§ **Work required**
Without the pictures, output all of the data exactly.

--- Source material Enclosed Below ---

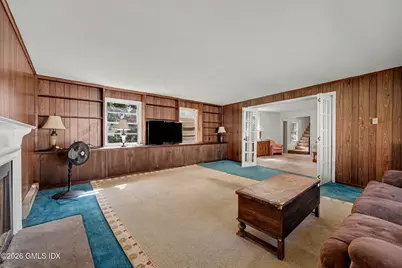17 Cary Road, Greenwich, CT 06878 - Photo 14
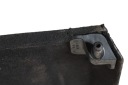 BMW E87 POLICE TRUNK BACK REAR  photo 6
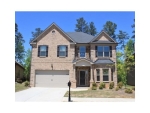 310 Sylvan Loop Fayetteville, GA 30214 - Image 3579019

--- End of Enclosed Source material ---

§ **Output for this task**
17 Cary Road, Greenwich, CT 06878 - Photo 14
 BMW E87 POLICE TRUNK BACK REAR  photo 6
 310 Sylvan Loop Fayetteville, GA 30214 - Image 3579019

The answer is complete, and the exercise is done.